Under this swap arrangement, the "badhog" jobs would take longer to run simultaneously than they would have if they were fired off serially. This way the affect on the other machine users is minimized. Sometimes people fire off jobs on a protected terminal and go home, leaving themselves logged in, so that they can obtain timed results. The same thing can be done with a shell script, if the output is captured into a file:
$ fort. temp.f [compile the FORTRAN program] $ mv a.out RUN [rename the executable as "RUN"] $ ex timeit [ edit a file called "timeit"] :a time RUN . :wq $ chmod +x timeit [make "timeit" executable]

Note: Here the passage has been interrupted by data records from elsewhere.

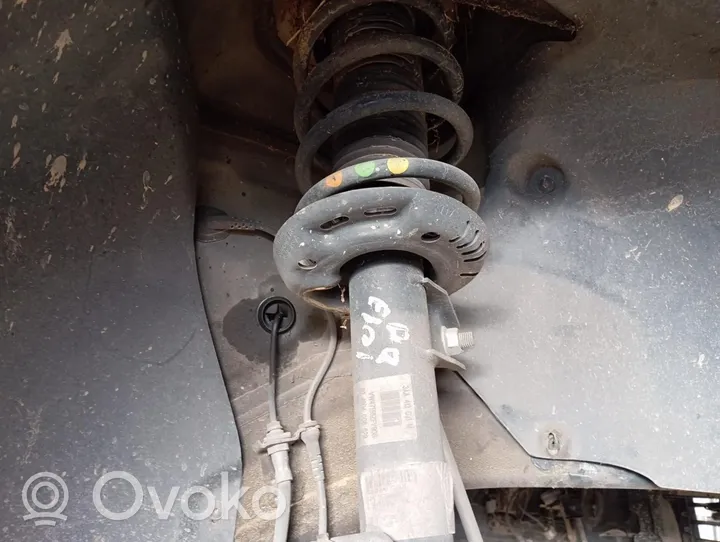 Volkswagen PASSAT Front shock absorber/damper 3AA413031M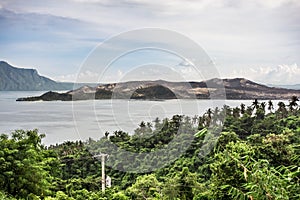 Taal volcano and lake as seen from Ligaya Drive, Tagaytay, late afternoon. Shot after 2020 eruption, vegetation still barren in photo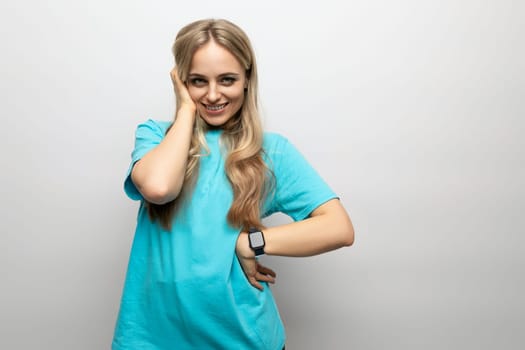 cheerful girl getting high on white studio background.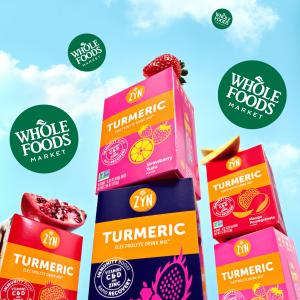 Drink ZYN Turmeric Electrolyte Drink Mix cartons in 3 flavors, Strawberry Yuzu, Blackberry Dragon Fruit and Mango Pomegranate along with the Whole Foods Market logos floating on a sky like background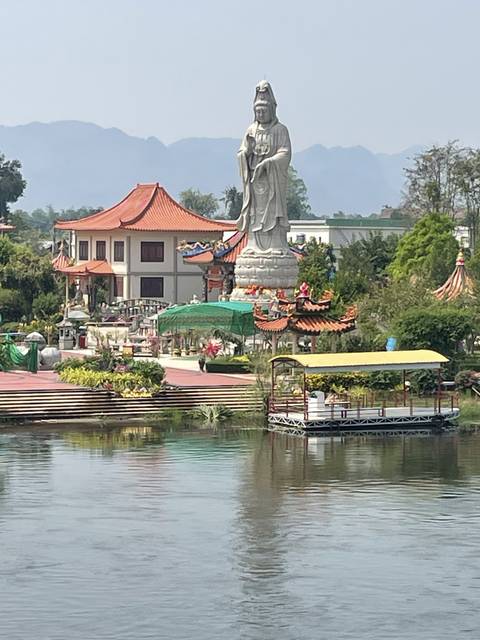       A statue beside a river with nearby buildings.
  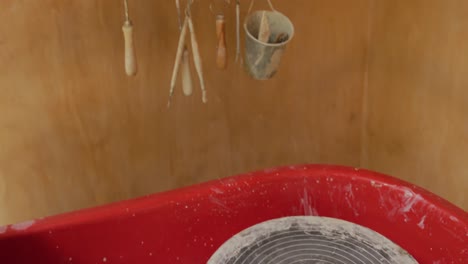 pottery equipment and hanging tools with handmade pots and plates lying on shelf in pottery workshop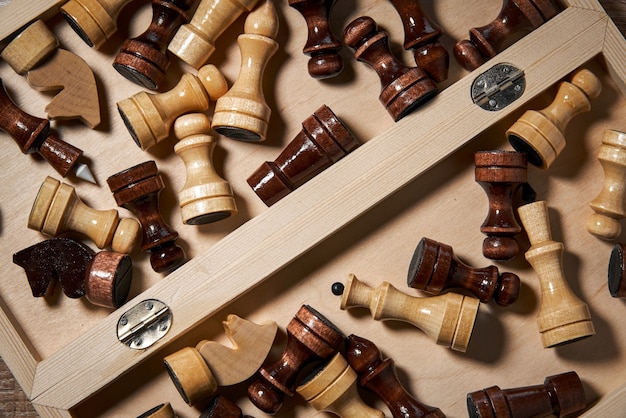 I pezzi degli scacchi in legno si trovano in una scatola aperta per gli scacchi, la strategia, la pianificazione e il processo decisionale.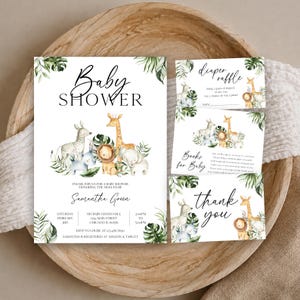 May include: A set of white baby shower stationery featuring watercolor illustrations of a zebra, giraffe, lion, and elephant surrounded by green tropical leaves. The cards include text for a diaper raffle, books for baby, and a thank you note.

CAPTURE THE OUTPUT in the file err:
Bourne Shell C Shell
$timeit > err 2>&1 & % timeit >& err &
$ cat err
-- has all standard output, screen stuff --
You could use the shell script timeit to run multiple jobs like this:
$ ex timeit
: a
date >> err
echo "run 1" >> err
time a.out < input1 > output1
echo "run 2" >> err
time a.out < input2 > output2
echo "run 3" >> err
time a.out < input3 > output1
echo "all done" >> err
date >> err
: wq
$ chmod +x timeit
$ touch err (to make sure the file exists,
BECAUSE if you are using "no clobber" then
you can't append (>>) to a non-existent file!)
Bourne Shell C Shell
$timeit >> err 2>&1 % timeit >>& err
--OR--
$timeit >> err 2>&1 & % timeit >>& err &
If you are running /bin/csh, then you can logout. The "time" information will be captured in the file err as well as the date, and items echoed in the timeit command. Make sure that you always use the append (>>) to add to an existing file, because ">" writes over existing files.

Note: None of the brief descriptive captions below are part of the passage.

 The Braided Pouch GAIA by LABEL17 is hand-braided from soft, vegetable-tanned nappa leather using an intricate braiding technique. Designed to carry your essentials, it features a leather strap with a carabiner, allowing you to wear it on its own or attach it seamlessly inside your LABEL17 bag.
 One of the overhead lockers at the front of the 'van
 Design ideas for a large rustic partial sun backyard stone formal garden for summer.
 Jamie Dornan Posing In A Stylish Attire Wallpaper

NOTE: The "time" function is different in the Bourne Shell ($) than it is in C Shell (%). A shell script can be set to run a certain shell by the first line in the shell script.
Bourne Shell C Shell #!/bin/sh #!/bin/csh more commands more commands
Also note that if you are a C Shell user and the job takes more than 1 CPU hour to run, you will need to use the limit cputime u or unlimit command to insure that the job finishes. These commands should be used carefully. If all your jobs have unlimited time allowed on the computer, it is your responsibility to kill off runaway jobs.